I don't think this gal spun a web in a food-rich environment. This was a courtyard, surrounded by 10 foot tall brick walls and covered with a mesh grating. I'm seeing very tiny spiders in the house now, spiders who were hatched at the middle of fall and who are looking for food before dying off in the winter. They just sort of show up, in the dish drainer, in the corner of windows, in front of books in the bookcase. I just look at them and wonder why they thought where they are was going to yield any sort of meal. Then I squash them.
Speaking of doors,
This was the main entry to a warehouse. The building was built in the 1930's and was reused in the 1980's as a warehouse. Security doors aren't made like this anymore.
A bunch of blocks. I was in a basement and these blocks date from the 1930's. What's so special about these blocks?
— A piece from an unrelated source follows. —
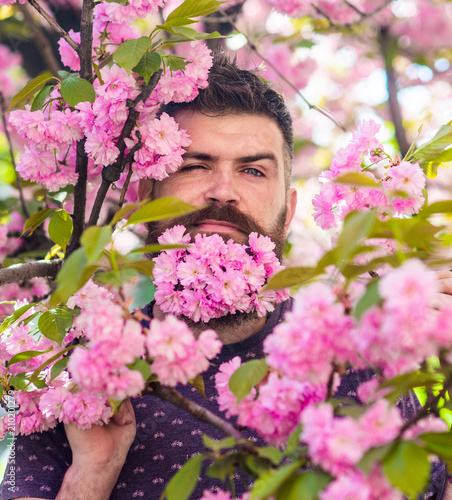Man with beard and mustache on strict face near tender pink flowers. Masculinity concept. Hipster with sakura blossom in beard. Bearded man with fresh haircut with bloom of sakura on background.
Well, I don't know much about building construction, particularly older construction. They are interesting on their own and make me curious. What struck me was the Reg. US. Pat. Off. mark. Reguspatoff. I know it stands for "Registered, US Patent Office", meaning the bricks have a patent. It was also the name of a computer in a Saturday morning cartoon.
Someone told me it was in Rocky and Bullwinkle but that was the WAYBACK machine, which was an homage to the UNIVAC from the early age of computing. That age coincided with the germination in Jay Ward's mind, of a subversive cartoon which has just as much relevance to today as it did back in the late 1950's and early 1960's. Find and watch "The Boxtop Robbery" or "Wossamotta U". (The Wossamotta U fight song is directly purloined from the fight song for the Minnesota Golden Gophers. I can't hear their fight song without singing, "Wossamotta, hats off to you. To your colors, ocher and Alice Blue. We shall e're be faithful and true. Hail Wossamotta hail. Better we should be in jail. Hail Wossamotta U.")
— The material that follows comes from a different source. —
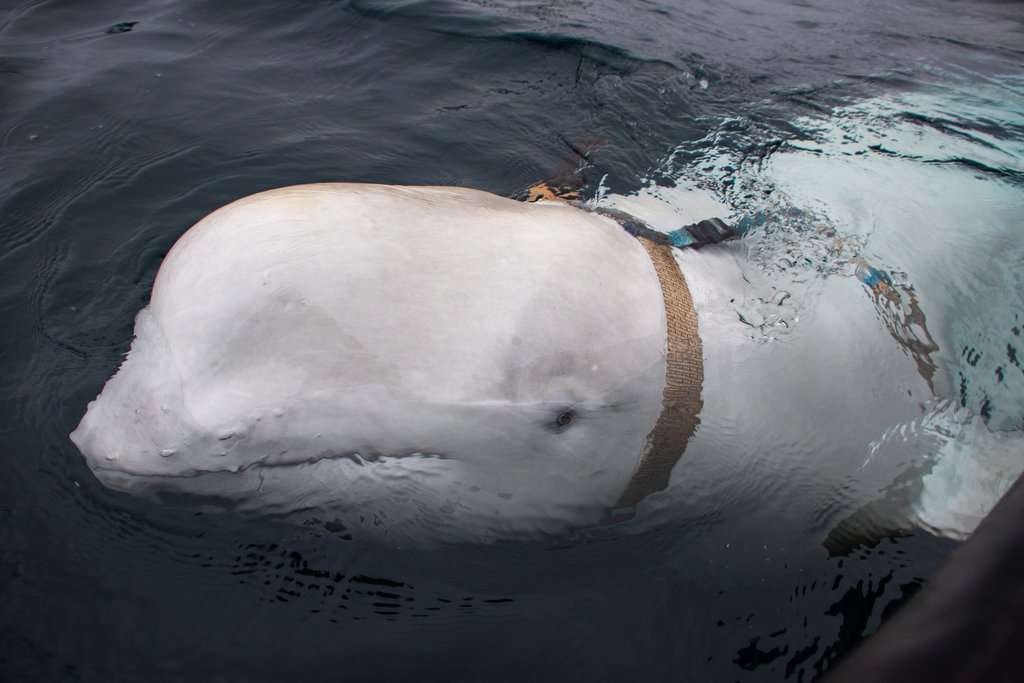 beluga imbracatura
Back to Reguspatoff. I'm almost certain it was in Underdog, but I can't find independent confirmation. Since I don't get cable, I can't watch Cartoon Network which might have Underdog on the schedule. Seeing this on these bricks made me snicker. I didn't point this out to my companions as I was pretty sure none of them had the same frame of reference I did.
Finally, I saw this in the basement of a building.
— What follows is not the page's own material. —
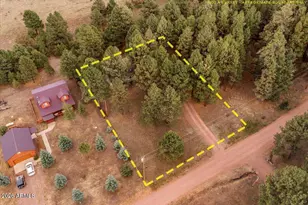 24 County Road 2065 --, Alpine, AZ 85920 - Photo 33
Did you ride face first or feet first? I could never get up the courage to ride face first. My brothers and sister did, but not me. I didn't mind being in the front, but I could never expose my face to a wipe out.
I would go again. Grab the great nieces and nephews, find a hill with a soft landing, put on layers and layers and go sledding. We would start up by the garage and, if lucky, you'd make it all the way down the hill past the barn and to the bridge over the creek. Sometimes, if conditions were right, you could get across the bridge, onto the flat beyond and up the other side of the hill a bit. Ice was the worst. Hit a patch and you lost control. We'd spend hours outside. It took a good 10 minutes to drag the sled back up to the garage to ride it down again, always hoping for just the right mix of speed and dexterity to go even farther up the other side than you had before.
Sometimes, it was too dangerous to go down the hill by the barn, so we'd try to see if we could make it around the windmill and over the hump by the house. Hairpin curves are not a sled's forte. You made wide, sweeping curves. If you had to swerve quickly, the best course of action was to simply fall off the sled, which resulted in faces full of snow and lots and lots of laughter. Yeah, I'd do it again.